Abstract | Paper -a:
The paper explores the significance of the genre of the 'mirror for princes' for the study of later medieval political culture. For a long time mirrors have mainly been studied as sources for the history of political thought and ethic. In recent years, however, scholars, including the author of the paper, have drawn attention to the role of the genre as a medium of power. Especially its function as an instrument for the expression of social discontent has been highlighted. This implies authors of mirrors had to decide upon the codes, tactics, and discursive strategies to be employed in order to bring their message home. Mirrors therefore constitute valuable sources for the study of medieval political culture, not only in its ideological and ethical aspects - as has been recognised before - but also in its practical aspects. This because they help us to understand the way the struggle for power within the budding state was conducted. The paper will illustrate this with examples from mirrors from the 12th until 14th centuries and draw some tentative conclusions.
Paper -b:
Une fois le pouvoir usurpé par son habituelle ruse, il ne restait à Renart pour asseoir sa domination qu'à partir à la conquête des cours européennes. Conquête d'autant plus aisée que la noblesse, tant laïque qu'ecclésiastique, s'enticha de ce maître en malice.
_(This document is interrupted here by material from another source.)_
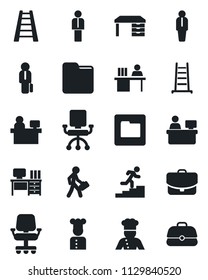 Set of vector isolated black icon - manager vector, desk, place, ladder, folder, career, cook, office chair, case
Le pape se montre d'ailleurs particulièrement intéressé par la manière de changer le droit en tort et le tort en droit. Le personnage de Renart se prêtait particulièrement bien à la satire politique et sociale, les auteurs de la fin du Moyen Âge tenaient ainsi l'instrument parfait pour dénoncer à travers les contes animaliers l'estat dou monde et la corruption des Grands.
Paper -c:
If 'geography' is the 'writing of the earth', then the 14th-century Parisian manuscript illumination and illustration of falconry visualizes its practical nature. As such Le Livre du Roi Modus et de la reine Ratio (1379) stands as a most unique Old French document in literary and artistic history, for we can recognize both its traditional instructional modes of morality and its clever illustrative means of interpreting medieval values upon French hunting protocols and courtly etiquette. This paper undertakes a focused genre study; that is, it will use one hunting text as an exemplum to explain the extent to which it constructs and reinforces the influence of instructional hunting narrative upon subsequent French hunting and literary works. In particular, using elements of genre theory will enable an analytical strategy that considers how words (metaphors, similes) and images (drawings, sketches, miniatures) reflect and construct social values, vicarious experiences, and dynamic individual actions. In turn it will enable insight into several moral ideologies and power struggles advanced through this visual and textual rhetoric toward relevant future hunting manuscripts and courtly entertainments. Thus, a brief accounting of hunting texts will place Roi Modus into historical and social context whereby we can envision its role and influence upon these select aristocratic groups. Then the examination will ultimately shed new light on the developing but rudimentary artistic and linguistic representation (thus construct meaning to promote ideology) of a popular and much beloved medieval French practice of falconry.